═══ RECORD EXCERPTS ═══
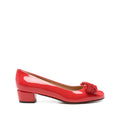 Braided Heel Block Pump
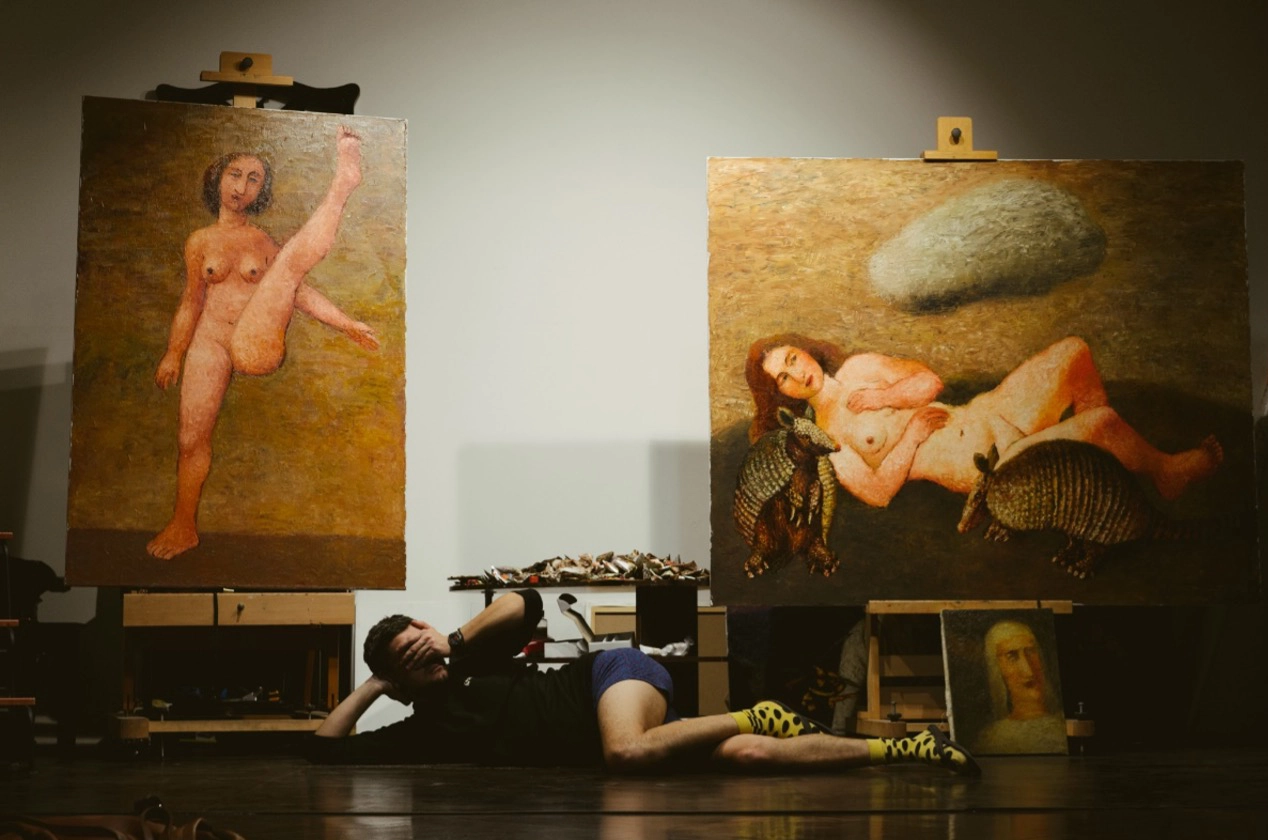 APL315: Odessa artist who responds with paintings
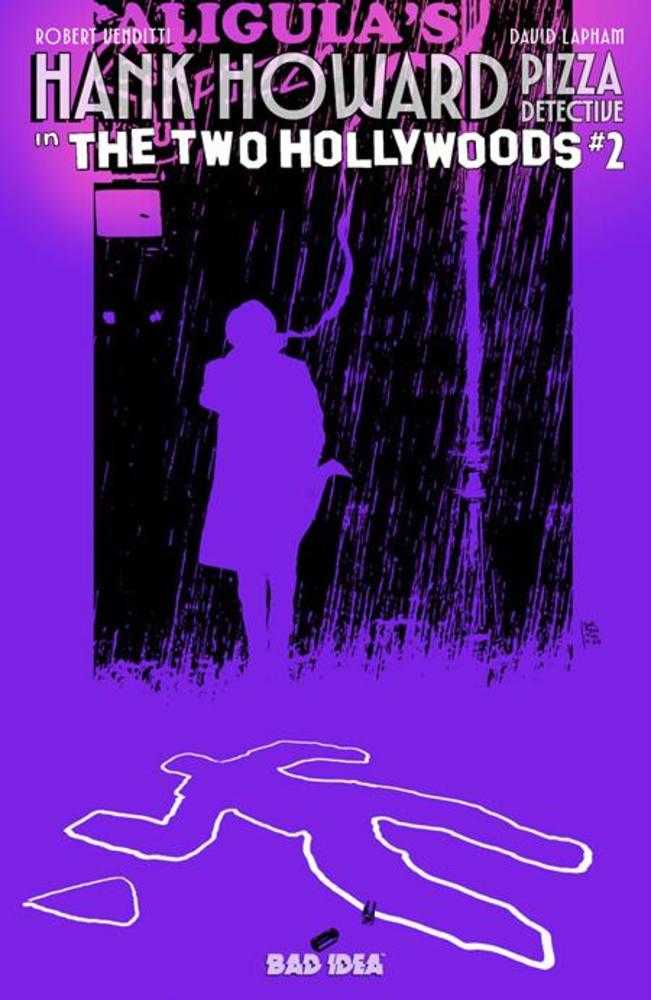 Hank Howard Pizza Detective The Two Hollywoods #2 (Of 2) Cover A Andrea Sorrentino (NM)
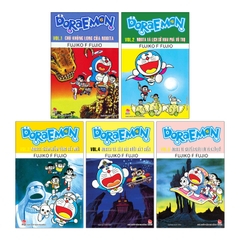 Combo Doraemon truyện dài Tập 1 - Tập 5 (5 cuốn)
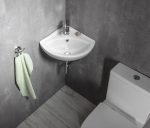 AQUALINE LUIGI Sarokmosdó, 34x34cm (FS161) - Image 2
═══
§ **WHAT YOU ARE ASKED TO DO**: In your answer, repeat all the entries exactly, but leave out the pictures.

§ **ANSWER BELOW**:
 Braided Heel Block Pump
 APL315: Odessa artist who responds with paintings
 Hank Howard Pizza Detective The Two Hollywoods #2 (Of 2) Cover A Andrea Sorrentino (NM)
 Combo Doraemon truyện dài Tập 1 - Tập 5 (5 cuốn)
 AQUALINE LUIGI Sarokmosdó, 34x34cm (FS161) - Image 2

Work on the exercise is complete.